Chào các bạn! Vì nhiều lý do từ nay Truyen2U chính thức đổi tên là Truyen247.Pro. Mong các bạn tiếp tục ủng hộ truy cập tên miền mới này nhé! Mãi yêu... ♥

Korku | 6

Çevresindeki onca insandan yalnızca bir tanesinin, içinde yaşadığı dehşetin farkına vardığını düşünüyordu, o da kendisini gözetlediği için. Kendisinin sürekli kocasını kollayışı gibi onun da hep kendisiyle ilgili olduğunu hissettiği için iki kat dikkatli olmak zorundaydı. Diğerinin gizini öğrenmek ve kendilerininkini saklamak için gece gündüz birbirlerinin etrafında dolanıyorlardı. Son zamanlarda kocası da değişmişti. İlk günlerdeki yargılayıcı tavrındaki tehditkâr sertlik yerini, Irene'ye ister istemez nişanlılık günlerini hatırlatan tuhaf bir şefkate ve ilgiye bırakmıştı. Karısına bir hastaya davranır gibi davranıyor, ince dikkatiyle onu şaşırtıyordu. Irene, hak etmediği bunca sevgi karşısında hem utanıyor hem de bunun sırrını beklenmedik bir anda, bitkin düşmüş ellerinin arasından çekip alıvermek için kullandığı bir hile olabileceğini düşünerek korkuyordu. Uykusunda bağırışlarını dinlediği geceden, eve gelen mektubu elinde gördüğü günden beri sanki güvensizliği bir merhamete dönüşmüş gibiydi. Kocasının ona güven vermek için gösterdiği yumuşaklıkla Irene bazen sakinleşip uysallaşıyor, ama bir an sonra yine kuşkulara teslim oluyordu. Bu sadece bir hile miydi, savcının zanlıyı kandırmak için kullandığı bir yem miydi, itirafa yönlendirmek için güvenini kazanıp bir anda savunmasız ortada bırakmak için kurduğu bir tuzak mıydı? Yoksa artık bu durmadan birbirini izleme ve gözetleme halinin tırmanması kocası için de katlanılmaz bir hal mi almıştı, Irene'nin çektiği belli olan ve her gün daha fazla göze batan acılardan o da gizli gizli üzüntü duymaya mı başlamıştı? Kocasının bazen önüne adeta kurtarıcı bir sözcük uzattığını, itirafını ne kadar kolaylaştırdığını hissediyordu; onun niyetini anlıyor, bu iyiliğine minnettar oluyordu. Ama bir yandan da kocasına karşı daha güçlü duygular beslemeye başlamasının utancını artırdığını ve ona açılmasını, eski yargılayıcı halinden daha fazla engellediğini hissediyordu.

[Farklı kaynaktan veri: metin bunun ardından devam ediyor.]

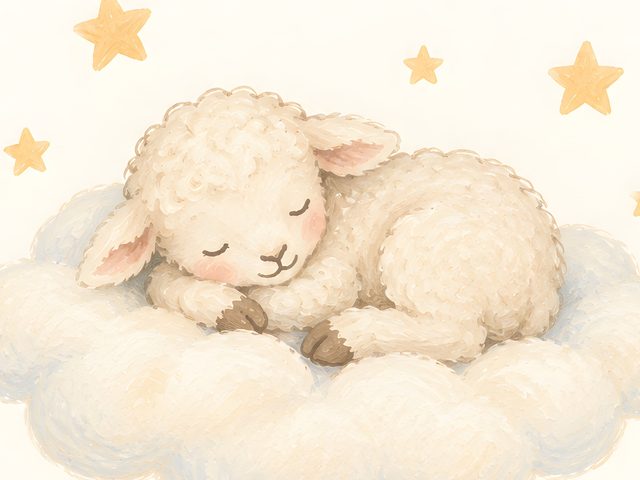 Lamb on a Cloud, Jeremiah 1:5 watercolor print, close-up of the watercolor painting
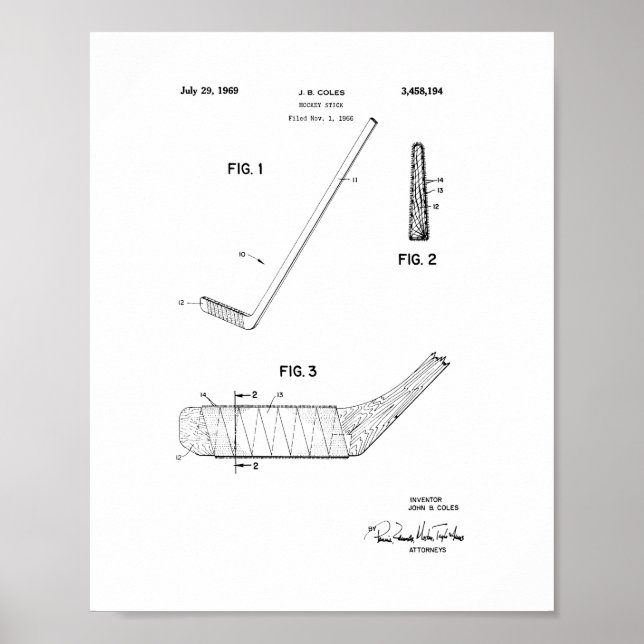 Hockey Stick Patent Poster (Front)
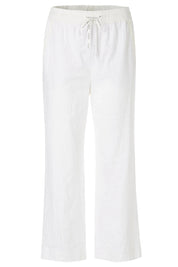 White Cropped Drawstring Trousers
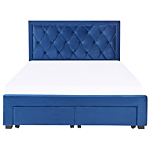 Storage Bed Blue Velvet Upholstery Eu King Size 5ft3 Tufted Tall Headboard Drawers Glam Design Beliani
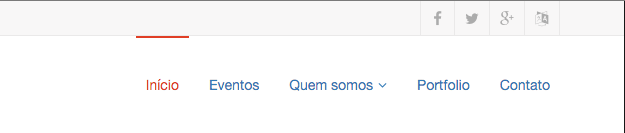Menu do site em português, com os ítens: Home, Eventos, Quem Somos, Portólio e Contato 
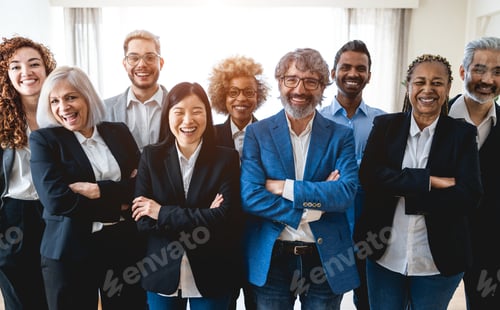 Preview: Multiracial business people looking at camera inside bank office - Focus on front faces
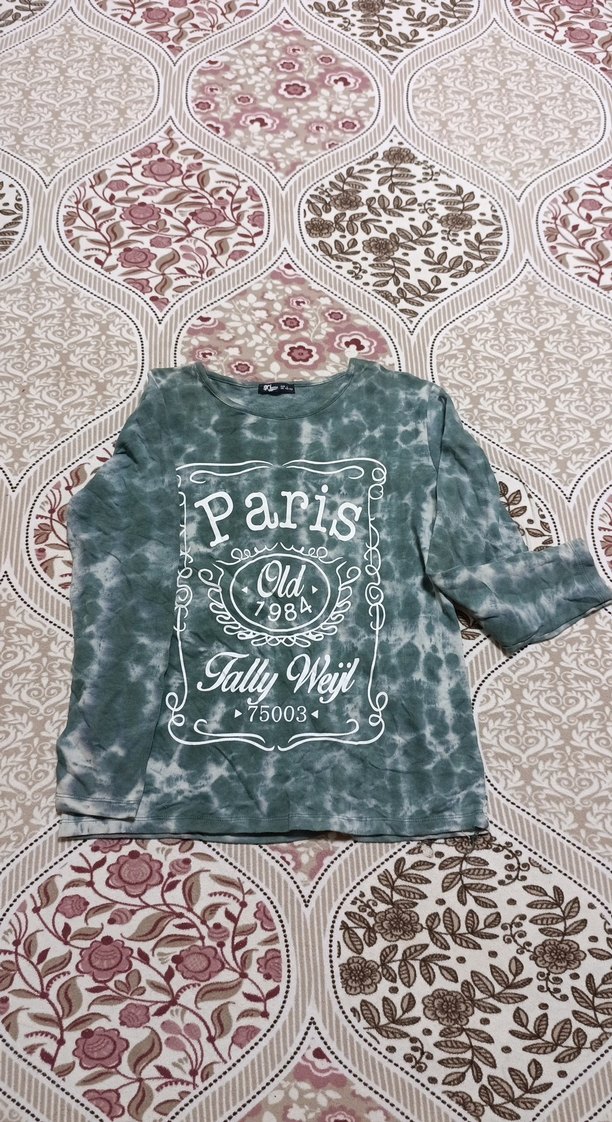 Gri Batik Desenli Uzun Kollu Kız Tişörtü - Görsel 2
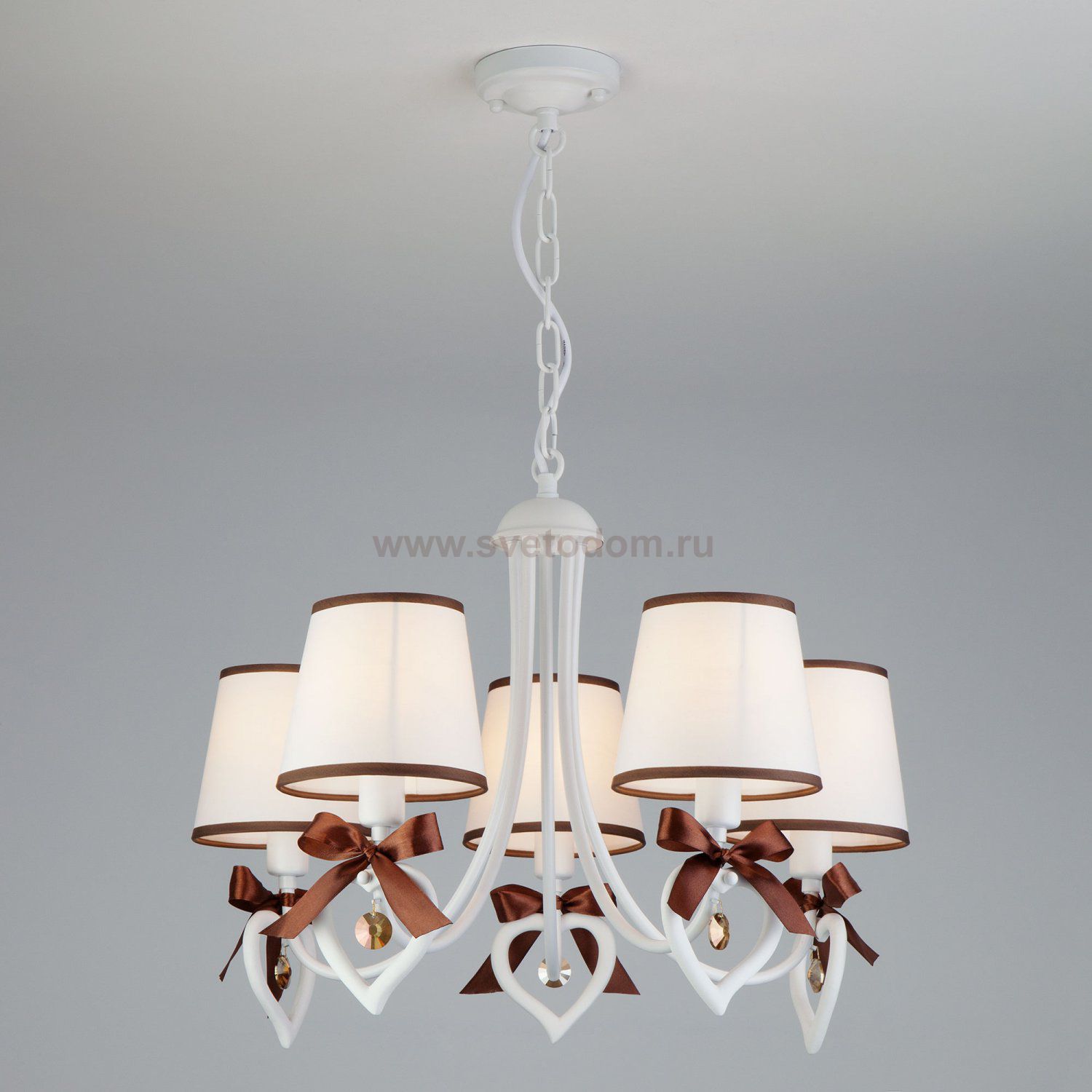 Подвесная люстра Eurosvet 60066/5 белый/коричневый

O günlerden birinde kocası Irene'yle açıkça göz göze konuştu. Sokaktan eve dönmüş ve holde içeriden yükselen sesleri duymuştu, kocasının sert ve kararlı sesi, mürebbiyenin karşı çıkışları, çocukların ağlamaları ve iç çekişleri birbirine karışıyordu. Irene'nin ilk hissettiği şey korku oldu. Ne zaman seslerin yükseldiğini duysa veya evde bir gerilim hissetse ürperiyordu. Olağandışı her şey karşısında gösterdiği ilk tepki korkuydu, mektubun gelmiş ve sırrını ortaya çıkartmış olabileceğinden duyduğu o yakıcı korku. Evin kapısından içeri her girişinde ilk yaptığı şey, yokluğunda bir şey olup olmadığını, felaketin kopup kopmadığını anlamak için tedirgin bir merakla yüzleri incelemek oluyordu. Bu seferkinin sadece çocukların kavgası olduğunu çok geçmeden anlayıp sakinleşti. Hemen orada kendiliğinden bir mahkeme kuruluvermişti. Birkaç gün önce halası oğlana bir oyuncak getirmişti, alacalı bir tahta at; kendisine verileni az bulan küçük kız ise bunu kıskanmış, küsmüştü. Boşu boşuna hak iddialarında bulunmuş, öyle hırsla uğraşmıştı ki oğlan da sonunda onun atına dokunmasını yasaklamıştı. Bunun karşısında küçük kız önce büyük bir öfkeye kapılmış, sonra da bunaltıcı, sinik, inatçı bir suskunluğa bürünmüştü. At ertesi sabah birdenbire ortadan kaybolmuş, oğlanın bütün aramaları sonuçsuz kalmıştı. Sonunda kayıp at parçalanmış olarak ocağın içinde bulunmuştu; tahta kısımları kırılmış, alacalı derisi yırtılmış, içi deşilmişti. Elbette bütün kuşkular kızın üzerinde toplanıyordu; oğlan hain küçük kızı şikâyet etmek için ağlayarak babasının kucağına atılmıştı, tam o sırada sorgu başlıyordu. Irene yoğun bir kıskançlığa kapıldı. Çocuklar niçin bir sorunları oldu mu hep babalarına giderler de hiç kendisine gelmezlerdi? Öteden beri bütün sorunlarını ve şikâyetlerini babalarına açarlardı, o zamana kadar Irene de bu küçük dertlerden uzak kalmaktan hoşnutluk duymuştu, ama şimdi bu ilişkideki sevgi ve güveni hissedip kıskanmıştı.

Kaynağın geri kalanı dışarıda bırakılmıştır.